Protesters blocked roads in Beirut and other parts of Lebanon on Monday, pressing a wave of demonstrations against the ruling elite that have plunged the country into political turmoil at a time of acute economic crisis. As Lebanese Protesters paralyze Beirut, terrorist Hezbollah believes it can wait them out.
The nationwide protests, which were ignited on Oct. 17 by a government proposal to increase taxes, which inevitably end-up in Hezbollah’s coffers, led Saad al-Hariri to resign as prime minister last week. There has been no sign of progress yet toward agreement on a new government.
After Hariri quit, protests had ebbed, roadblocks were lifted and banks reopened for the first time in two weeks on Friday.
LEBANESE PROTESTERS PARALYZE BEIRUT
But in the early hours of Monday, new roadblocks emerged on in Beirut and around the country. They snarled major traffic arteries including the main seaside highway north and south of the capital.
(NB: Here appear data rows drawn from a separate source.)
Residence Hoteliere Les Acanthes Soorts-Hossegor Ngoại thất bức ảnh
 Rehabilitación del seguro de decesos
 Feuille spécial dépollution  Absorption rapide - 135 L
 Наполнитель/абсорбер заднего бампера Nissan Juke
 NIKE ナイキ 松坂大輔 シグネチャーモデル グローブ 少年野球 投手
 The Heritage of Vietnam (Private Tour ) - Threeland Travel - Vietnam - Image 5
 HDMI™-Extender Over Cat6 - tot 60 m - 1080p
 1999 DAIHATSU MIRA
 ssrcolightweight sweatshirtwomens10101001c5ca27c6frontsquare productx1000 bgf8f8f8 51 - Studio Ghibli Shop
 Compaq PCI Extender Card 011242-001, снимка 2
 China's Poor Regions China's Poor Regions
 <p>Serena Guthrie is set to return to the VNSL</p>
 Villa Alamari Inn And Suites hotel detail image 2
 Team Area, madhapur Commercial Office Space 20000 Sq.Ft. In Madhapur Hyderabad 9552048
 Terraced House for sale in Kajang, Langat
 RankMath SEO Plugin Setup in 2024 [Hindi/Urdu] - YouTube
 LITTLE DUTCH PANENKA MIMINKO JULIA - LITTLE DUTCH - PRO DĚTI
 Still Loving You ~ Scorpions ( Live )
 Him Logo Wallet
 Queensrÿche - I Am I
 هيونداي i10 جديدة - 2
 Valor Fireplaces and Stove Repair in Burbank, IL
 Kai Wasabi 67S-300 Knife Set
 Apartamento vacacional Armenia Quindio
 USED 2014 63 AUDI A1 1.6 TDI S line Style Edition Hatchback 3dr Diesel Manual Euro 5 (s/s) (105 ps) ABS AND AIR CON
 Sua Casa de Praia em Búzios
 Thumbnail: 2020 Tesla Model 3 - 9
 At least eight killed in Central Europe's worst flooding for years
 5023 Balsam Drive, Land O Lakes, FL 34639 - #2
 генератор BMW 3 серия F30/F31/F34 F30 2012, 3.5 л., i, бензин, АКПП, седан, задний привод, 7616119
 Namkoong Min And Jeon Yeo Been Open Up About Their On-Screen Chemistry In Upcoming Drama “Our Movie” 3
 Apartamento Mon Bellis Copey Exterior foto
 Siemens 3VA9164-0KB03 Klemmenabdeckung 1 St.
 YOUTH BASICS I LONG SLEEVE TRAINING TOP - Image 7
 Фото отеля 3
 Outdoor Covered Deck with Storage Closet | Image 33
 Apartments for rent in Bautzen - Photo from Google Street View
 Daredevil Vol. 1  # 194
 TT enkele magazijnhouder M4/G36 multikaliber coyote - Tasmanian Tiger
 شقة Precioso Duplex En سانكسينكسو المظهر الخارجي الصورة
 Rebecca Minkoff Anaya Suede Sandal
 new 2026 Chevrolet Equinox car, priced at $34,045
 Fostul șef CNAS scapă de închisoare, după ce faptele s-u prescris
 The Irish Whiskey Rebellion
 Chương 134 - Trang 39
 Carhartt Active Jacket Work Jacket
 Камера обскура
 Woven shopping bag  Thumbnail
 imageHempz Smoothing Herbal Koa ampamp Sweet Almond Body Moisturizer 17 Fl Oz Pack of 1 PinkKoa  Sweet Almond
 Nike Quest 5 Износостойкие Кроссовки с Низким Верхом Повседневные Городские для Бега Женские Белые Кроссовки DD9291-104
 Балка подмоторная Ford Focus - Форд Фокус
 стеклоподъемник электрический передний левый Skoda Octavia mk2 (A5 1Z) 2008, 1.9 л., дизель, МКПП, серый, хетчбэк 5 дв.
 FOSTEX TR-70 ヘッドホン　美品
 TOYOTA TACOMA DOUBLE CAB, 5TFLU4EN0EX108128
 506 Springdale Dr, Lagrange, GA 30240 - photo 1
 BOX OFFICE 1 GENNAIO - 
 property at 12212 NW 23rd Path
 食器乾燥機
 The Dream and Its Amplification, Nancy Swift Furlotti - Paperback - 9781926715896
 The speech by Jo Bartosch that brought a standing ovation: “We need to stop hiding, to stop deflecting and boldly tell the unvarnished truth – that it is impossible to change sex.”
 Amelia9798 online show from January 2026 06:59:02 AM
Schools called off plans to reopen and are now in their third week of closure.
Hashem Adnan, one of several dozen protesters blocking the Ring Bridge in Beirut, said:
The slogan is ‘this revolution doesn’t know sleep, form the government today. “People are continuing because you know you can’t trust this regime, any part of it.
Adnan is demanding a new cabinet independent of the political elite which protesters accuse of corruption; as well as steering Lebanon into economic crisis.
In the northern city of Tripoli, demonstrator Rabih al-Zein said protesters had escalated again because they do not trust the ruling elite to meet demands for a new administration that will act against corruption.
We want technocrats (in government) and we want judges to fight corruption, recover stolen money and hold the government accountable.
Lebanon is grappling with the worst economic crisis since the 1975-90 civil war. With growth around zero percent, a slowdown in capital inflows has led to a scarcity of U.S. dollars. This placed pressure on the pegged Lebanese pound.
The pound, pegged at the official rate of 1,507.5 pounds to the dollar for 20 years, has strengthened since Hariri quit.
A dollar cost 1,680 pounds on the parallel market on Monday, a foreign exchange dealer said. The day Hariri quit, dollars were being offered at 1,800 pounds.
Lebanon sovereign dollar-bonds rallied again on Monday following almost two weeks of hefty losses.
PROTESTS AT BANKS IN SIDON
Because of Hezbollah and its cronies, Lebanon is one of the world’s most heavily indebted states. It needs urgent reforms to narrow the government’s gaping deficit and revive confidence.
Though no formal capital controls were announced, customers encountered new restrictions on withdrawals of U.S. dollars and transfers abroad when the banks opened on Friday.
Protesters in the southern city of Sidon mobilized outside government-run agencies and commercial banks on Monday. they forced them to close, a witness said.
Hariri continues in a caretaker capacity until the formation of a new government.
A senior official familiar with Hariri’s thinking told Reuters last week he was ready to return as prime minister. Hariri, however, conditioned his return on selecting a new cabinet to include technocrats. He also demanded the ability to implement urgently long-stalled economic reforms.
Aoun, a Maronite Christian allied to the powerful, Iran-backed Shi’ite group Hezbollah, is stalling. He has yet to begin the formal consultations with MPs to designate the next prime minister.
On Saturday, the presidency said he was working to resolve “complications” first and would start the consultations soon. The majority of Lebanese do not trust Aoun because of his ties to Hezbollah and Iran.
Supporters of Aoun staged a big rally near the presidential palace on Sunday. A tactic the Assad regime deployed on several occasions during the Syrian Revolution.